In the shoe store, the customers are under the constant supervision of the staff. For you, constant surveillance is an invasion of your tenants’ privacy.
With so much risk, landlords need extra coverage for when your primary insurance doesn’t cover a claim. Otherwise, your passive income venture could lead to a financial catastrophe.
Owning rental properties is a great investment. You earn money with very little effort. What could be better than that? The only drawback is the risky nature of the rental business. If not prepared, your great investment could lead to financial ruin. Unlike the stock market, you can lose more than you invest with rental properties.

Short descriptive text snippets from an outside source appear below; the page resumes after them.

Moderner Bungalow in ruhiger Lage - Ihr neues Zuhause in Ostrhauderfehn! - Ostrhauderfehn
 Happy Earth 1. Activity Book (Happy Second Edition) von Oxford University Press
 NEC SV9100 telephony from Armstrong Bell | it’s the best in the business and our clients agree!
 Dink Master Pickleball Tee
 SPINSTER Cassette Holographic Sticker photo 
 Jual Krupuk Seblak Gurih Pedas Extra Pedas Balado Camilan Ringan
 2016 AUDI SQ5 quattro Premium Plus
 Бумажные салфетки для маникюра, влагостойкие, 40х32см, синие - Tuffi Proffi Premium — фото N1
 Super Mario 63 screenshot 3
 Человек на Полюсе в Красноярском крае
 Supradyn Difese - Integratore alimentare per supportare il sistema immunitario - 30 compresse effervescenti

There’s an easy way to eliminate the riskiness of owning rental properties. You need good landlord insurance and an umbrella policy that covers your gaps. Steadily is the best landlord insurance company in America. We also provide umbrella coverage for landlords.
People Also Ask
What does an umbrella policy not cover?
The injuries you sustain or damage to your own home, car, or property are not covered by an umbrella insurance policy. Additionally, purposeful acts, criminal activity, damage sustained while conducting business, as well as damage from specific dog breeds and vehicle kinds, are not covered by personal umbrella insurance.
What is the benefit of having an umbrella policy?
Beyond the limits of your current auto, homes, or other policies, umbrella insurance offers additional liability protection. If you cause damage or injuries and your other insurance plans aren't enough to cover the costs, it pays out.
When should you consider getting umbrella insurance?
You should consider an umbrella insurance policy if you own a rental property, or if the total value of your assets exceeds the limits of your liability insurance.